[time-nuts] Simulation

jimlux jimlux at earthlink.net
Sat Aug 14 15:49:05 UTC 2010


J. Forster wrote:
> FWIW, IMO any engineer who uses undocumented or uncontrolled parameters or
> instructions in a production design is a fool.
> 
> If you are that silly, you must fully specify the selection criteria.
> 
> -John
>

Or, has their back against the wall and can't do it any other way.

How is this any different than using trimpots or hand select?


For years, folks have hand selected matched pairs of devices, since the 
circuit requires tighter tolerances than the mfr guarantees.

Many, many RF designs have "select at test" pads to set levels or tuning 
stubs depending  on what the actual gain or impedance properties of the 
active devices are, or for trimming temperature dependencies.


Would you say that the engineer is a fool for not just specifying 
tighter tolerances.. the tighter tolerances may not be available from 
the mfr (who has to respond to many customers, most of which will be 
happy with the standard performance).  It's sort of a tradeoff.. do you 
go to the mfr and say, I need a better grade of part, or do you buy the 
run-of-the-mill part, and sort them.

You might decide to do the latter for competitive reasons, e.g. rather 
than the mfr producing a better grade of part, and potentially selling 
it to your competitors too, you keep the "secret sauce" in house. 
(Granted you could have the mfr make/select a proprietary part for you.. 
that's basically changing who does the work, but doesn't change the 
underlying design)

Even manufacturers do this, for instance with speed grades on things 
like microprocessors.  They don't have enough process control to 
guarantee a particular speed, so they make em all, and then sort them.

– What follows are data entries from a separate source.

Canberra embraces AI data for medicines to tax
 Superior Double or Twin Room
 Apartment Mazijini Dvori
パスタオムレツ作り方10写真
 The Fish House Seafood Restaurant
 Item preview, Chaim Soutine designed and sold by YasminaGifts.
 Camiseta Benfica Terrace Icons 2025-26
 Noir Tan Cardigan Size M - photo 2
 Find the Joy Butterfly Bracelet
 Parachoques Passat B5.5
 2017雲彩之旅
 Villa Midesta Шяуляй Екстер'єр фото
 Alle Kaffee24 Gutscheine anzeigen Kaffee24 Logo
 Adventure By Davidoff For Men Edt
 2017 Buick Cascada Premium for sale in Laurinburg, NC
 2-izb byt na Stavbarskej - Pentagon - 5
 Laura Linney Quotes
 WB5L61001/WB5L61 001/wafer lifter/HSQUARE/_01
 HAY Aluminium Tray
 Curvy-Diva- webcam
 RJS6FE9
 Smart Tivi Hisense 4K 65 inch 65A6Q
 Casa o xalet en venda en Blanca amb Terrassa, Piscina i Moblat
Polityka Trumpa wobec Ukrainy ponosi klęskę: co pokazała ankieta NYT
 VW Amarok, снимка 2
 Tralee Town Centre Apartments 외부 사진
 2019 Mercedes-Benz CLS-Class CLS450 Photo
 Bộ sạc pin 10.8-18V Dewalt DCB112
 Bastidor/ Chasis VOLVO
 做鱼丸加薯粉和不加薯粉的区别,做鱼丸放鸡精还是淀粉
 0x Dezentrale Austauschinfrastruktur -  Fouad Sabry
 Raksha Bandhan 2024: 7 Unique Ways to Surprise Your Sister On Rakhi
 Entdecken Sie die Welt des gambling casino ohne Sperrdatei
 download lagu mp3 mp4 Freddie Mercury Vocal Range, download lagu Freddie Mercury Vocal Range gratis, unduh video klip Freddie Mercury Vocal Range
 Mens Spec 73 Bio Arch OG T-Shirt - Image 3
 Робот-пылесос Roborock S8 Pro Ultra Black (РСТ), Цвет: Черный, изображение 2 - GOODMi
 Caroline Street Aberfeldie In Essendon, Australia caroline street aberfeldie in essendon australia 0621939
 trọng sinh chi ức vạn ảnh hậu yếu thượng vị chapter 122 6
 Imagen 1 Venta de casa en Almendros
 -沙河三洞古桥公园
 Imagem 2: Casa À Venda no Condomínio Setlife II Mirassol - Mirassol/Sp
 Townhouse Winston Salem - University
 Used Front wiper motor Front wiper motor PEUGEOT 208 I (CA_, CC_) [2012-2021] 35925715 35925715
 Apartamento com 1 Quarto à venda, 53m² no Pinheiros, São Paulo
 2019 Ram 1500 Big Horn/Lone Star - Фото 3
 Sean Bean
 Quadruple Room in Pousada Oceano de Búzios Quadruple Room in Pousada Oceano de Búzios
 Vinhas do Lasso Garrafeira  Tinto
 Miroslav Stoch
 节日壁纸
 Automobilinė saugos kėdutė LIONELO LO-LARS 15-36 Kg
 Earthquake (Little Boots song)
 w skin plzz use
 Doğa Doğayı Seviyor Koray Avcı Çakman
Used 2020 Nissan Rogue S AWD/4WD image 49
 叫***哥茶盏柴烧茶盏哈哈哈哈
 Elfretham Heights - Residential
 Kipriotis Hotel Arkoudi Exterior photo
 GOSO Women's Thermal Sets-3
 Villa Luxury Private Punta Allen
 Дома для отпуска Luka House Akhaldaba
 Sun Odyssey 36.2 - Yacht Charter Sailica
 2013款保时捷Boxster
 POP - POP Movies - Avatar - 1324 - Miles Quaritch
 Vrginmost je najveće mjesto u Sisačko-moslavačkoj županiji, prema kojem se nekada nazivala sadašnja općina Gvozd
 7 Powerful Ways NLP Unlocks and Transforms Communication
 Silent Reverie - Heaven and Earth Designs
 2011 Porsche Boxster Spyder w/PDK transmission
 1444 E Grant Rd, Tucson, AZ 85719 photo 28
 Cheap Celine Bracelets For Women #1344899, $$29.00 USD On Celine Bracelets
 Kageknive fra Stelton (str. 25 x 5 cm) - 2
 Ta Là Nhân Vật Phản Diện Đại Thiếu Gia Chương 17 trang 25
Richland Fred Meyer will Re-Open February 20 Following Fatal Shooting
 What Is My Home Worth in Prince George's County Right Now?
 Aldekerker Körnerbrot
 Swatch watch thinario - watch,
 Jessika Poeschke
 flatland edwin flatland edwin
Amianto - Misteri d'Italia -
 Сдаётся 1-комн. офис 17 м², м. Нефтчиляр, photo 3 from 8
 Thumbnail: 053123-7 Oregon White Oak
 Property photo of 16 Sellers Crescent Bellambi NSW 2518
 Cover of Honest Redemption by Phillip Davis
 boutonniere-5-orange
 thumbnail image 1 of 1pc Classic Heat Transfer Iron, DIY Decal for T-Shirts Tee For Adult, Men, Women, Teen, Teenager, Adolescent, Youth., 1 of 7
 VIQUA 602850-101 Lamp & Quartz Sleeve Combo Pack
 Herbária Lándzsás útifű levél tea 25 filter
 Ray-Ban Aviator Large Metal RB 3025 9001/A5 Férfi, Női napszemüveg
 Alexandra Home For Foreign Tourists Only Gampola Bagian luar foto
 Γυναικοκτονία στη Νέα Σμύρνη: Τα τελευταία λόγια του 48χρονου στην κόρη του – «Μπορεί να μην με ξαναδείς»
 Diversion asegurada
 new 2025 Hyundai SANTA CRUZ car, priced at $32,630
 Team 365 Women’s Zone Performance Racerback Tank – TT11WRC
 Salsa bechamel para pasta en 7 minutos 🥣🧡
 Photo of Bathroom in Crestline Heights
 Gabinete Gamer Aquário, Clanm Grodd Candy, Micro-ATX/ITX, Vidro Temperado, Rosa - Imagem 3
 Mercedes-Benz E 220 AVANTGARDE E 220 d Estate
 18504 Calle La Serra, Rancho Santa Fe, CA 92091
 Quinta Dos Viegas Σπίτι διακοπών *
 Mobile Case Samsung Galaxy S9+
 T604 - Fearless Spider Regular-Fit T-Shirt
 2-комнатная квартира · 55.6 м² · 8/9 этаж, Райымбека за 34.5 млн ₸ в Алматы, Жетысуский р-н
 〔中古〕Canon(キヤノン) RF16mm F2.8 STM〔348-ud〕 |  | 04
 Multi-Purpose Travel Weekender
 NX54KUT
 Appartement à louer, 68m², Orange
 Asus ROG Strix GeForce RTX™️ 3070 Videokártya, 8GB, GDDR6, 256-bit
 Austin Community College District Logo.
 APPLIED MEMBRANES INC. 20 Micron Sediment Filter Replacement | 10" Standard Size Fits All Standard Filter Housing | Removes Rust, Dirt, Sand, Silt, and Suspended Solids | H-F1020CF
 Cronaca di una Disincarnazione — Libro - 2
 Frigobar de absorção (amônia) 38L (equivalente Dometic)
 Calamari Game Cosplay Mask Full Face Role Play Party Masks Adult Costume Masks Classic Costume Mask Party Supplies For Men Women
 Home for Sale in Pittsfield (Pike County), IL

The other thing is that the selection criteria might not be knowable in 
a standalone sense.  That is, you have to put the part into the circuit 
and see if it works, rather than measuring some device parameter.  I 
would agree that to a certain extent, this implies that you don't really 
know how the circuit works, but it might also be that the most cost 
effective approach is to use empiricism, rather than analysis.